• **What needs to be done**
Find the line with "Handmade Oval C2" and the line with "Multi Color tops,Floral" in the entries below; output exactly those two lines, every line between them, and no others.

• **Data for this task**
=-=-=

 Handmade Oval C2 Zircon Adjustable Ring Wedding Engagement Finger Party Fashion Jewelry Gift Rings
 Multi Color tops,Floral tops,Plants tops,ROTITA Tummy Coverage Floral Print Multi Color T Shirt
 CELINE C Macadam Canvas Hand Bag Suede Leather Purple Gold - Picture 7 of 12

=-=-=

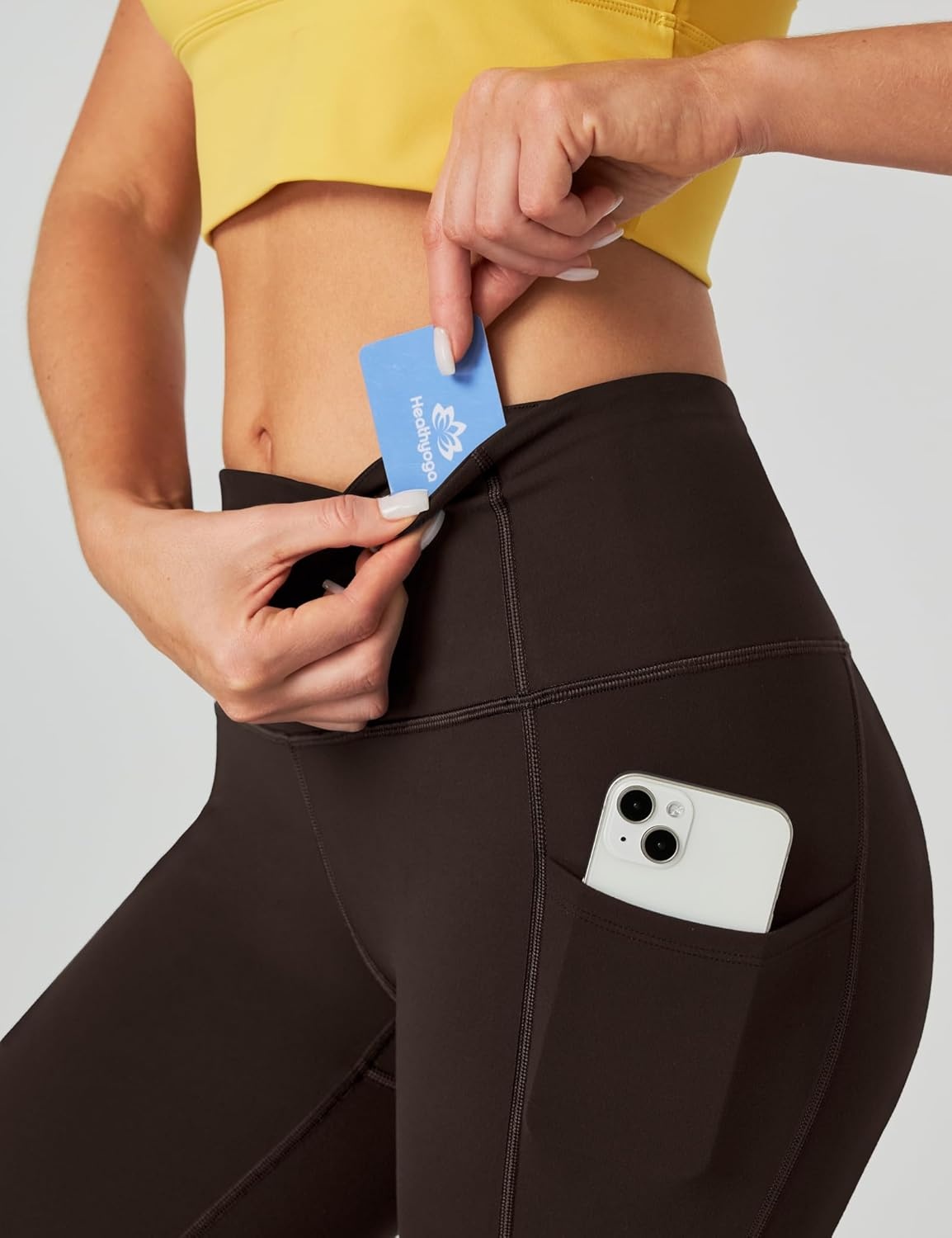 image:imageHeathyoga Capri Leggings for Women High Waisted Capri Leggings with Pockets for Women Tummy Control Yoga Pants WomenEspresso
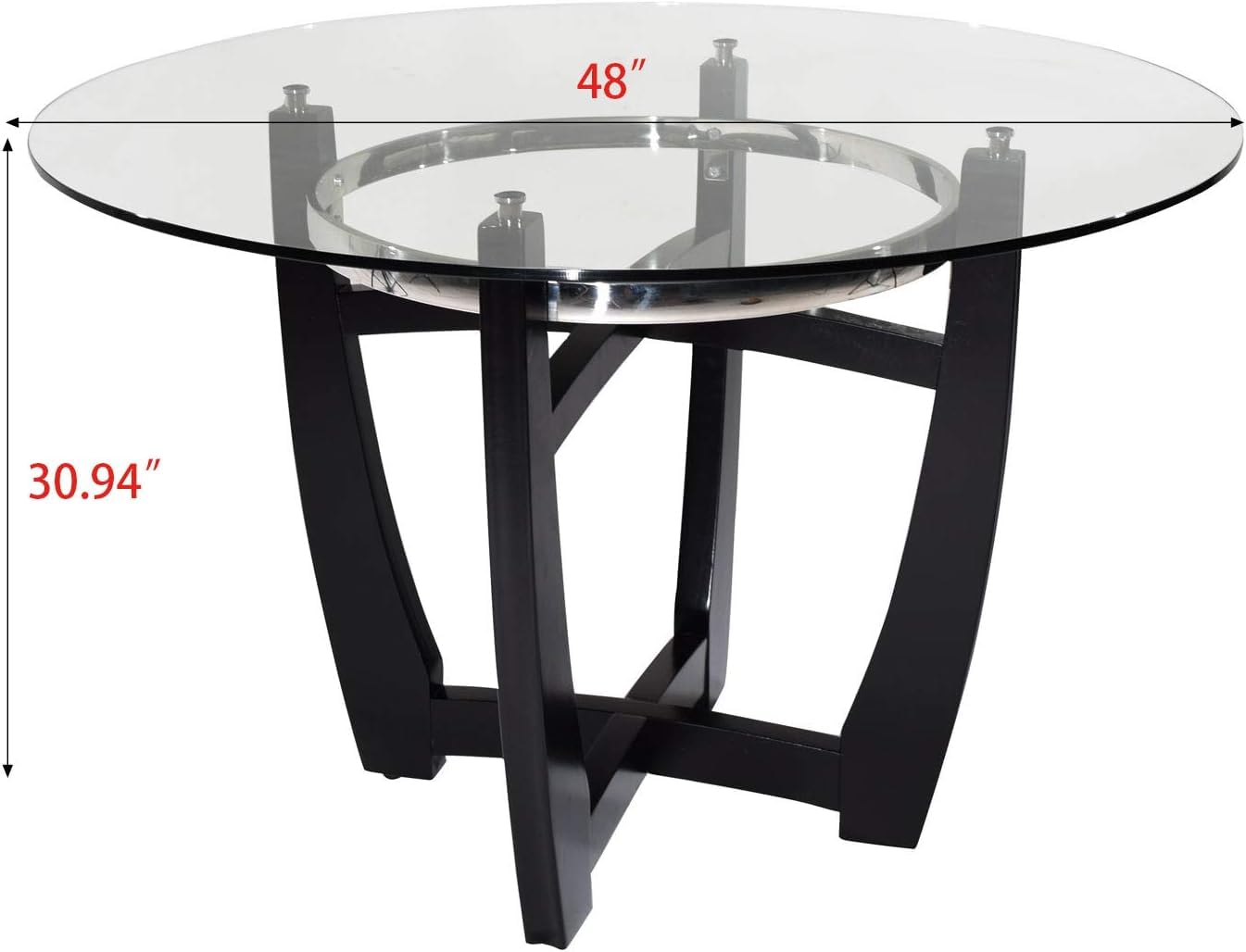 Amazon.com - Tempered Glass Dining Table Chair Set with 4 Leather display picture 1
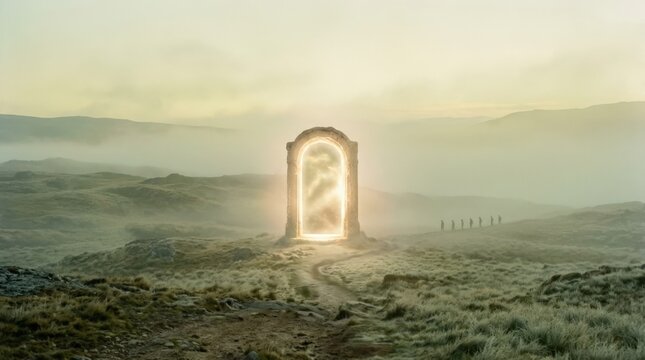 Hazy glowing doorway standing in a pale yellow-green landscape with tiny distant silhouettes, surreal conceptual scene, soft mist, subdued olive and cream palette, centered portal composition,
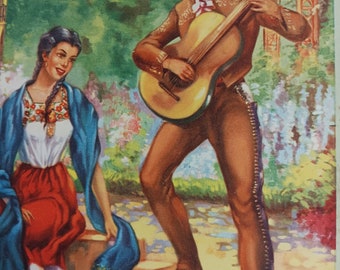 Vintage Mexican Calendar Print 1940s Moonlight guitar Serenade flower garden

=-=-=

• **Exercise output**
 Handmade Oval C2 Zircon Adjustable Ring Wedding Engagement Finger Party Fashion Jewelry Gift Rings
 Multi Color tops,Floral tops,Plants tops,ROTITA Tummy Coverage Floral Print Multi Color T Shirt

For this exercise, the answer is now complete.